■ Information provided
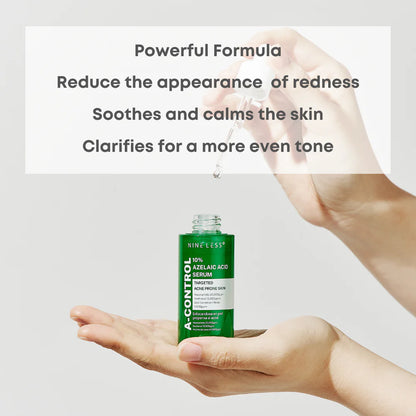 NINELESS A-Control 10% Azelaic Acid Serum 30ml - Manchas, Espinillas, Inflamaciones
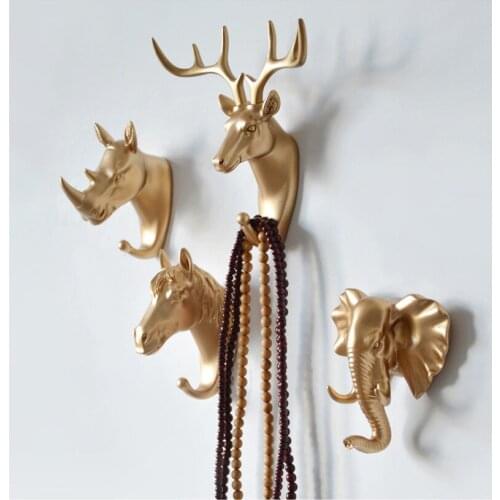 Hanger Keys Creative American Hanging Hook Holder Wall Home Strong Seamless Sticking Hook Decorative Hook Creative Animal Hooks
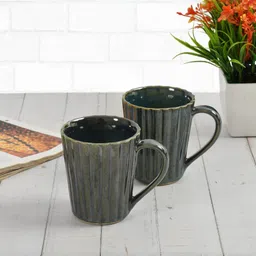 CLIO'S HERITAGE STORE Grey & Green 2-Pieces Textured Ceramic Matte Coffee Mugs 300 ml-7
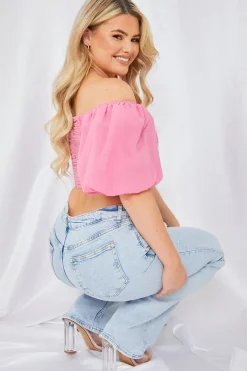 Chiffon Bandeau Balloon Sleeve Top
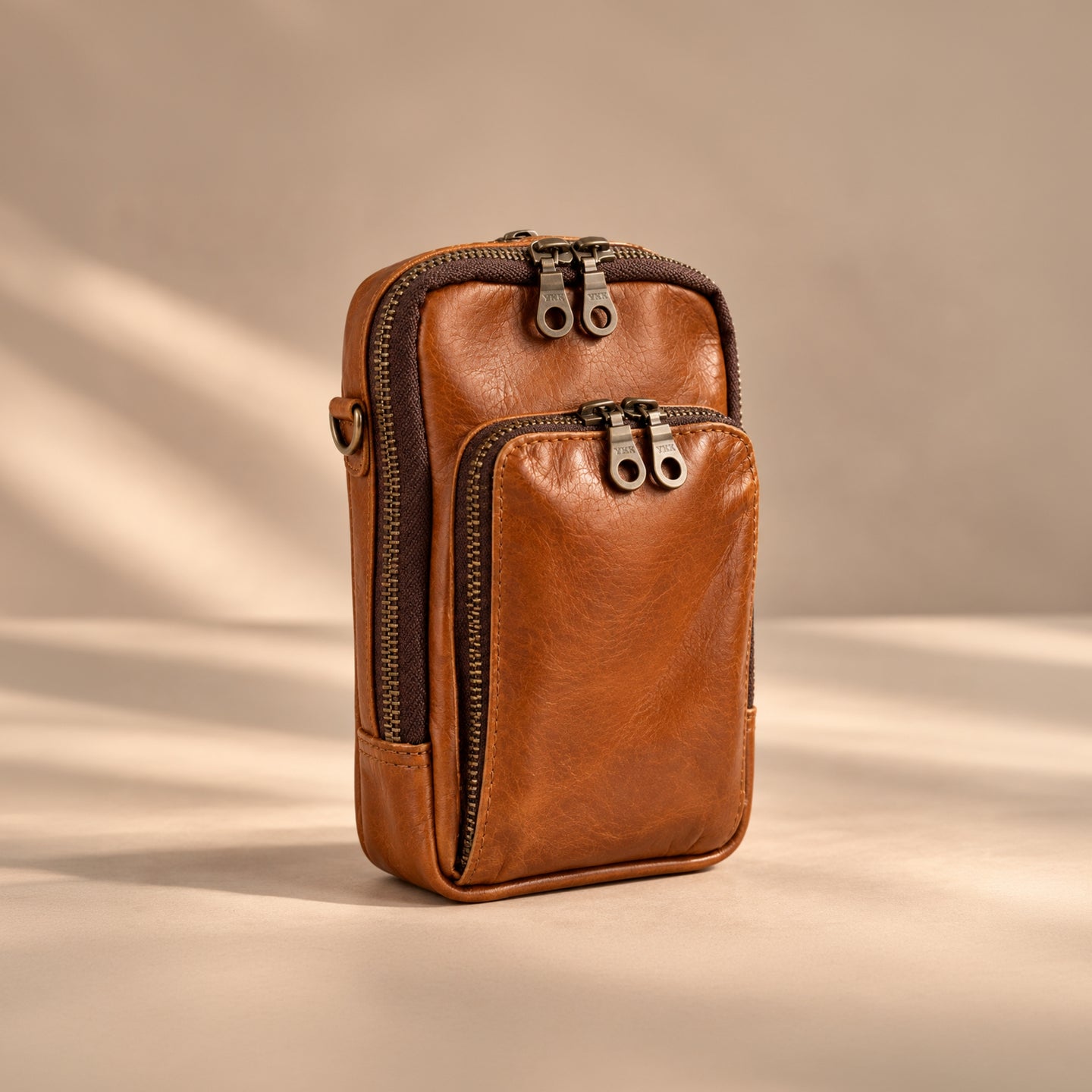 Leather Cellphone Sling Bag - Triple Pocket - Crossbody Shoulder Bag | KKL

■ To do
Would you set down, word for word, the lines running from the one that contains "Chiffon Bandeau Balloon Sleeve Top" to the last line of the material, omitting all pictures?

■ Answer to the problem
 Chiffon Bandeau Balloon Sleeve Top
 Leather Cellphone Sling Bag - Triple Pocket - Crossbody Shoulder Bag | KKL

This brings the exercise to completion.